Edit: This post has been made obsolete in recent releases, which allow enabling these flags via both the web UI and the pct CLI tool.

Normally, Proxmox doesn’t allow mounting NFS mounts directly in containers due to security concerns. In the past it was possible to modify apparmor profiles directly in order to allow it, as seen here and here. However, as of this commit, that method is no longer an option, due to the apparmor profiles now being generated dynamically when the containers are started (you can view these profiles at /var/lib/lxc/${CID}/apparmor/lxc-${CID}_<-var-lib-lxc>).
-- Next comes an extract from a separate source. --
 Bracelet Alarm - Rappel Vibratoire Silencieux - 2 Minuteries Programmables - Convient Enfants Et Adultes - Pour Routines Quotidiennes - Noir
Instead, modifying apparmor directly is no longer necessary, as you can now add the undocumented feature setting to the pct.conf files for individual containers. For instance:

features: mount=nfs

allows NFS mounting for the specified container, although a restart will be necessary for the setting to take effect. You can verify this by running grep nfs /var/lib/lxc/${CID}/apparmor/lxc-${CID}_\<-var-lib-lxc\>, which return a line like mount fstype=nfs. Other filesystems can also be allowed by separating the different types with semicolons.

This change was released in version 2.0-28 of the pve-container package, so it’s easy tell if you are affected:

$ dpkg -s pve-container | grep '^Version:'
Version: 2.0-28

Since this change only applies on container start-up, it’s possible to upgrade the package first without impacting any running containers.